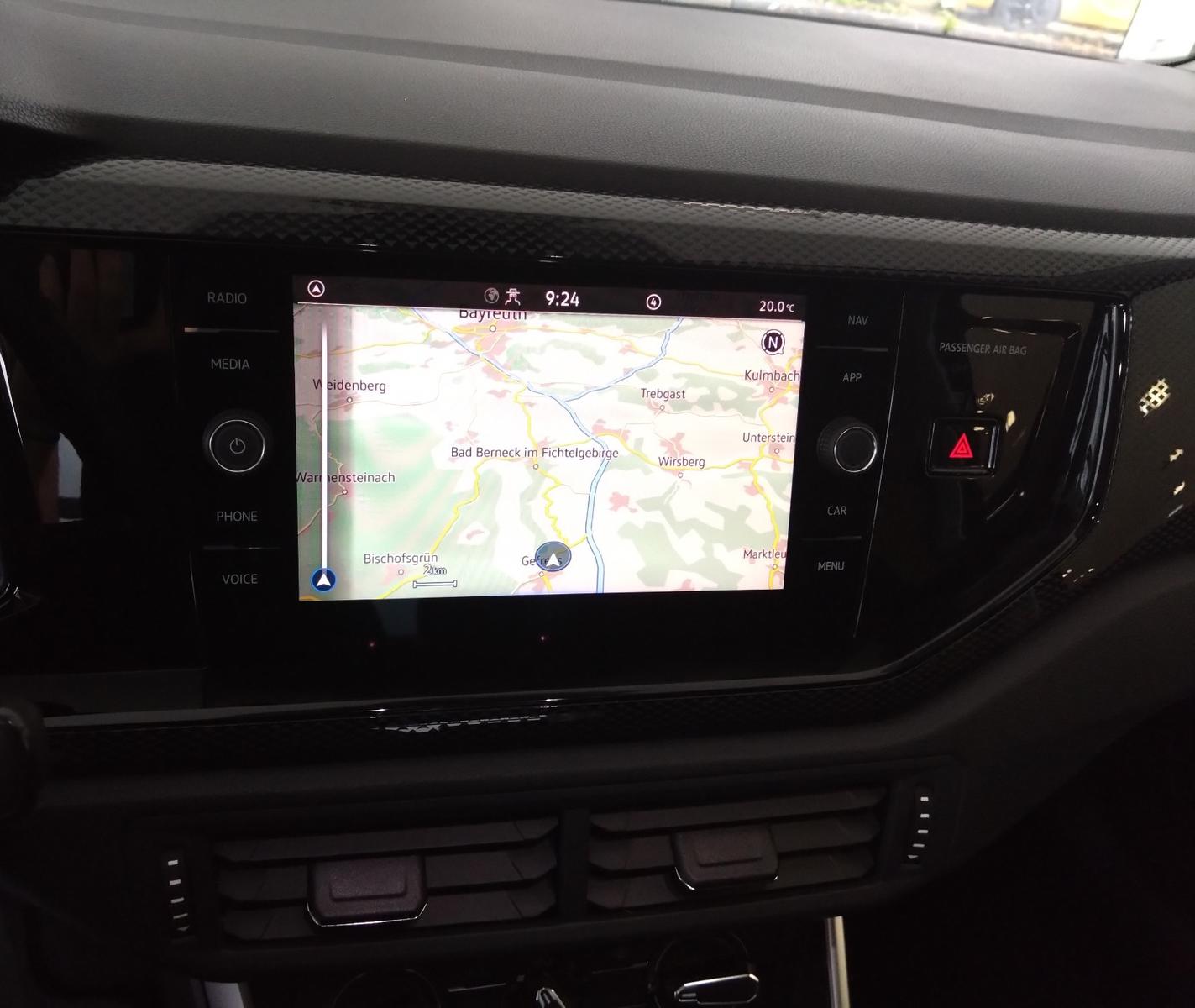 Volkswagen Taigo 1.0 TSI Life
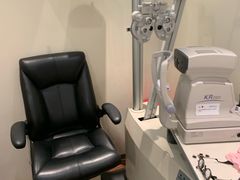 -LensCrafters亮视点(世贸天阶店)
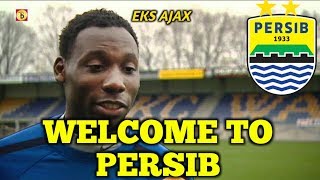 SKILL & GOAL GEOFFREY CASTILLION • Pengganti Joel Vinicius
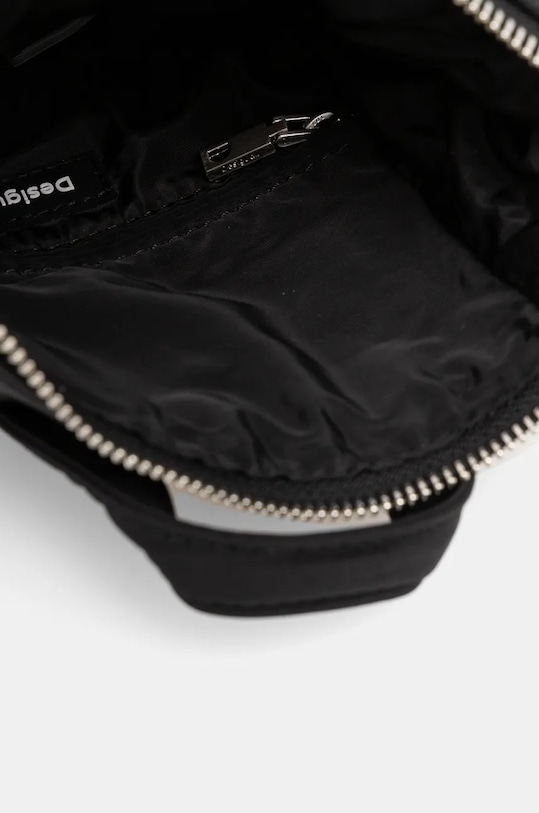 Desigual rucsac BASIC MODULAR VOYAGER 24WAXY09 negru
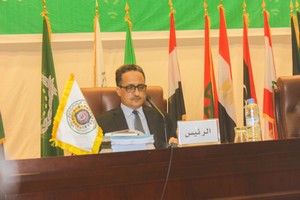Le ministre des affaires étrangères : «la Mauritanie soutient la position de la conférence islamique à propos de la crise du Golfe»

ACTION ITEM -> Your output must consist only of the lines from the line with "SKILL & GOAL" through the final line of the data, both included, reproduced exactly and free of pictures.

YOUR RESPONSE ->
 SKILL & GOAL GEOFFREY CASTILLION • Pengganti Joel Vinicius
 Desigual rucsac BASIC MODULAR VOYAGER 24WAXY09 negru
Le ministre des affaires étrangères : «la Mauritanie soutient la position de la conférence islamique à propos de la crise du Golfe»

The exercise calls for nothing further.